Est-ce que la prière est devenue une corvée pour nous ? Est-ce qu’il nous arrive de faire l’effort de sortir d’une prière superficielle qui ne pourra jamais rien changer en nous pour entrer dans une prière profonde, celle qui est une rencontre face-à-face avec le Seigneur ?
Est-ce que nous profitons pour nous-mêmes du pardon du Seigneur qu’Il nous accorde dans le Sacrement de Réconciliation ?
Est-ce que nous prenons du temps pour prier avant la Messe, afin de vraiment prier la Messe et pas simplement la dire ?
Le processus de renouveau est continuel. Même si nous ne lui sommes qu’occasionnellement fidèles, le Seigneur nous rapprochera toujours de Lui, nous montrera toujours davantage combien Il nous aime et combien Il attend notre amour. Le Mouvement regarde les « Exercices » de Saint Ignace comme un instrument particulièrement efficace pour garantir et approfondir ce processus de renouveau ; ils ne sont pas seulement une expérience isolée, mais tout un programme en eux-mêmes pour intérioriser au quotidien les réalités de l’évangile.

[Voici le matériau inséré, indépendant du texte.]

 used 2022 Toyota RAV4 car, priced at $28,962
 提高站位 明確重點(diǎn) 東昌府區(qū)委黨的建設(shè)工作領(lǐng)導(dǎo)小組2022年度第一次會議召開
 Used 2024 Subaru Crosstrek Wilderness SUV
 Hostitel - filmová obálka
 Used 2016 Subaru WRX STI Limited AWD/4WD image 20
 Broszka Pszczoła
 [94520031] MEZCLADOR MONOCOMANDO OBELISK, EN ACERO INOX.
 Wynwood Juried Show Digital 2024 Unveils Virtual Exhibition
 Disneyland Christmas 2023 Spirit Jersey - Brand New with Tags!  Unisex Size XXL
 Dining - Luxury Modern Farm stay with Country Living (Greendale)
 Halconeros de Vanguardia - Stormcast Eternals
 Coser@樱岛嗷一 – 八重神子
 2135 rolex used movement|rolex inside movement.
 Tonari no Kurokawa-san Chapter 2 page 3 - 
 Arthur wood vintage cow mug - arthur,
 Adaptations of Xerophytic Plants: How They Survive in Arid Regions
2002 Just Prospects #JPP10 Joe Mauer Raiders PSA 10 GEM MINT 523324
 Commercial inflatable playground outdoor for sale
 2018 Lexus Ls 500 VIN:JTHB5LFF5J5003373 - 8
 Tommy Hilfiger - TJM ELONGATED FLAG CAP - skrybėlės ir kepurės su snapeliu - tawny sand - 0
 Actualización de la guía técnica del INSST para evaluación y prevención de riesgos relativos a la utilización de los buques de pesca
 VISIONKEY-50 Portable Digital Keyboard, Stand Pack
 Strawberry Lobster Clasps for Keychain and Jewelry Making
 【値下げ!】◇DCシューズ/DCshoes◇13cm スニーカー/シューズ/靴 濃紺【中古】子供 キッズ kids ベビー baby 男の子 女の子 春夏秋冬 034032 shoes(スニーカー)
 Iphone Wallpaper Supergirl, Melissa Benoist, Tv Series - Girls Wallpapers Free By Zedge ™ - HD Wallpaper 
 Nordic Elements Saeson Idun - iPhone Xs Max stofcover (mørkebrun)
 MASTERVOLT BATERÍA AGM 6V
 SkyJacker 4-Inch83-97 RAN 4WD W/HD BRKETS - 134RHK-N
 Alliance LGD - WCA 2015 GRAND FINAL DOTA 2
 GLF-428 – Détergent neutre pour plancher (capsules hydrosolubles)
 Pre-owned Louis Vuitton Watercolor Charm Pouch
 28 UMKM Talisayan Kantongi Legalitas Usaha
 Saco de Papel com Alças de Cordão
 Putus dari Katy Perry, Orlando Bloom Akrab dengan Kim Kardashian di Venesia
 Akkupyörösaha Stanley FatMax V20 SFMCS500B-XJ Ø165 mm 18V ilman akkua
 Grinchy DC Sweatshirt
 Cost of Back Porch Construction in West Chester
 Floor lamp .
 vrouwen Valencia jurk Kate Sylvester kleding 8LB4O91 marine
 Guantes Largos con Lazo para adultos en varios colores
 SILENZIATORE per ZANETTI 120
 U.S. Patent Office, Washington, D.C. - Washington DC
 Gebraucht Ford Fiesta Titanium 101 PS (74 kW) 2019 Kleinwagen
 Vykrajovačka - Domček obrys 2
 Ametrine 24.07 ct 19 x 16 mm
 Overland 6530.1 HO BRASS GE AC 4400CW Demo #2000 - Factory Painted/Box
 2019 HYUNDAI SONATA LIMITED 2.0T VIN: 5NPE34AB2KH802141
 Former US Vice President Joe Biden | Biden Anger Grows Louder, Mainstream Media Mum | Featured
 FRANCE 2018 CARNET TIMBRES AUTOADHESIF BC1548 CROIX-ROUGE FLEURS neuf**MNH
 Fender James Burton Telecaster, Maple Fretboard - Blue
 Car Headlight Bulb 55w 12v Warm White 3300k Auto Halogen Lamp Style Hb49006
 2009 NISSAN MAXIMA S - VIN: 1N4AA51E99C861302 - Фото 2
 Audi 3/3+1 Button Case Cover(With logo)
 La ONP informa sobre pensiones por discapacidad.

Comme nous l’avons dit plus haut, nous pensons qu’une proposition exigeante, simple et concrète est la base de tout projet de vie efficace. Dans ce but, nous proposons trois éléments de base qui peuvent fournir un canevas constructif pour un projet personnel (ces trois points peuvent aussi servir pour l’évaluation de routine de nos progrès).
Prière : Demandez-vous comment vous priez maintenant et comment vous voudriez prier. Par dessus tout, prévoyez un temps quotidien pour une prière profonde, à un moment et en un lieu où vous ne serez pas dérangé (même si vous n’avez pas été fidèles, recommencez !). Cette prière sera très féconde si elle est faite en présence du Sacrement qui est la source de notre prière et de notre sacerdoce.
Style de vie : Reconnaissez-vous l’évangile dans votre style de vie actuel ? Demandez la grâce et commencez à simplifier. Cela vous apportera libération intérieure et joie. « Si tu veux être parfait… »
Charité : Est-ce que je vis pour étancher en mes frères la soif du Christ ? Est-ce mon but premier dans mon ministère ? Est-ce que je m’efforce toujours de rayonner la charité et la compassion du Christ dans tous les aspects du ministère en paroles et en actes ? « A ceci nous avons connu l’amour : Celui-là a donné Sa vie pour nous. Et nous devons nous aussi donner notre vie pour nos frères » (1 Jn 3, 16).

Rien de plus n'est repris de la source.